Starting a new school year is exciting for kids. But for kids with eczema and their parents, a new school year requires a little extra prep. Classrooms can have various triggers and challenges. And unless teachers are intimately familiar with eczema, they might not realize it’s not “just a rash.” At CLn Skin Care, we hear from eczema moms all the time. We have compiled a list of top tips to keep your kids healthy—and happy—when dealing with eczema at school.
Tip #1: Ask to meet with your child’s teachers if dealing with eczema at school is a concern.
Writing “eczema” under the “Health Issues” section of intake forms is only the first step. Many people do not understand how severely eczema can impact quality of life. By meeting with your child’s teachers face-to-face, you can explain the severity of the condition and how it might impact the student.
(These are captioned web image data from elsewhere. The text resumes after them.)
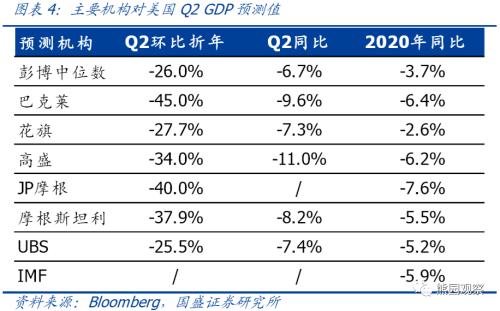 gdp环比和同比有什么区别_央行发布宏观经济分析报告 通胀预期有所显现(2)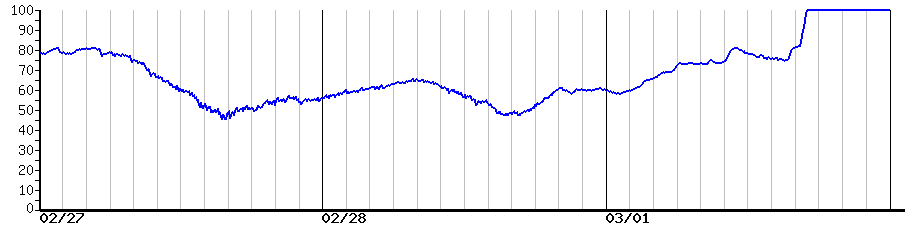 image graph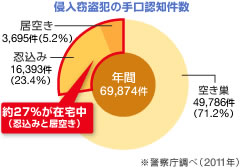 図:侵入窃盗犯の手口認知件数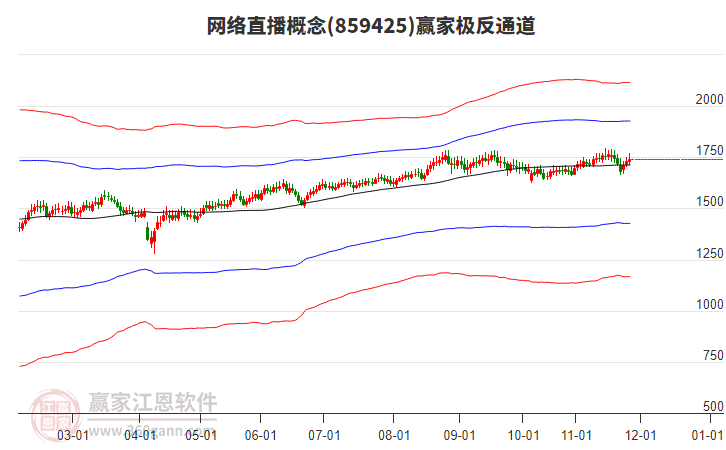 859425網(wǎng)絡(luò)直播贏家極反通道工具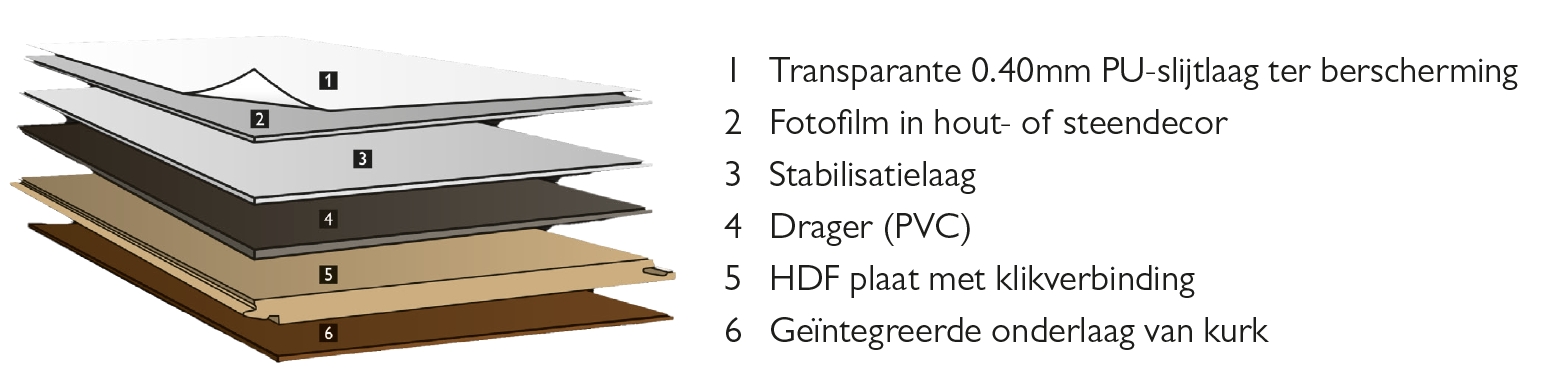 Opbouw JOKA 340 HDF Click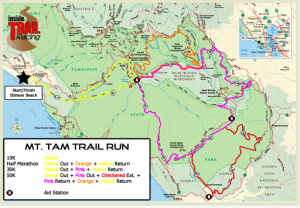 Course Map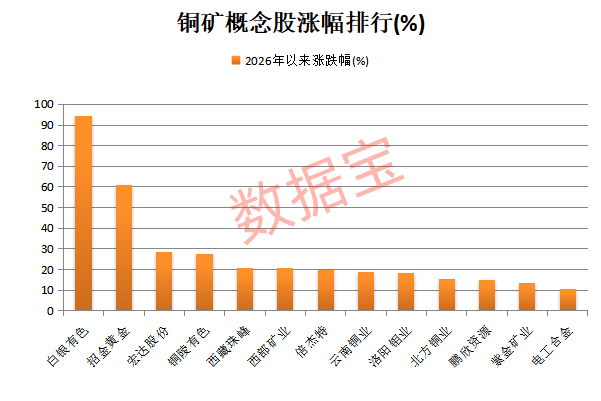 皇冠信用平台出租_300344皇冠信用平台出租，“地天板”，已连发10次风险提示！铜精矿或纳入收储，这些概念股业绩预增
Tip #2: Provide a list of known triggers. And make sure ALL of your child’s teachers have a copy.
Schools can have many eczema triggers. Providing your own snacks or meals is a good idea if certain foods cause flairs. Environmental triggers can be a bit trickier when dealing with eczema at school. Dust in rugs or dress up clothes, dyes in paints, additives in modeling clay, pollens from trees on the playground, synthetic fabrics in gym clothes, etc. can all cause a flair. Provide the school with a list of all known triggers. Then work with teachers (gym, art, recess monitors, etc.) to provide safe alternatives for your child.
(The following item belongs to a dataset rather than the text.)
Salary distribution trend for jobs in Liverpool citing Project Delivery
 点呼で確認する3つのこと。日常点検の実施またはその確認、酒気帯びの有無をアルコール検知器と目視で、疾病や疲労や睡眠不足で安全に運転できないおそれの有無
Tip #3: Conduct classroom tours.
Many schools use alcohol-based hand sanitizers or harsh soaps. Baby wipes are often used after art projects or snack time. These products can exacerbate eczema at school. Tour the classrooms your child will be in. Read ingredient lists on all products used. Then supply alternatives, if necessary.
Tip #4: If moisturizer helps, arrange to have it available.
Many eczema sufferers find that moisturizing after cleansing or throughout the day is helpful. Ask your child’s teacher to keep a moisturizer you provide on hand in the classroom. Just make sure it is nut-free.
Tip #5: If eczema impacts your child’s sleep, have a plan in place to communicate “bad nights” to your child’s teacher.
The itching associated with eczema can intensify at night. This can mean interrupted sleep for parent and kid. Ask your child’s teacher how they want to be informed about “bad nights.” Tired students may not be as receptive to learning, and may need special accommodations.
Tip #6: Provide alternatives to scratching.
Children with eczema scratch. Sometimes a lot. And that scratching can actually make eczema worse. Also, scratching can interfere with learning. If you have found success at home with having your child press or gently “pinch” itchy areas instead of scratching, share those techniques with his or her teachers. Often teachers are willing to provide a hand signal or cue to remind students to engage in alternative behaviors to scratching.
Tip #7: Have an open dialogue about bullying.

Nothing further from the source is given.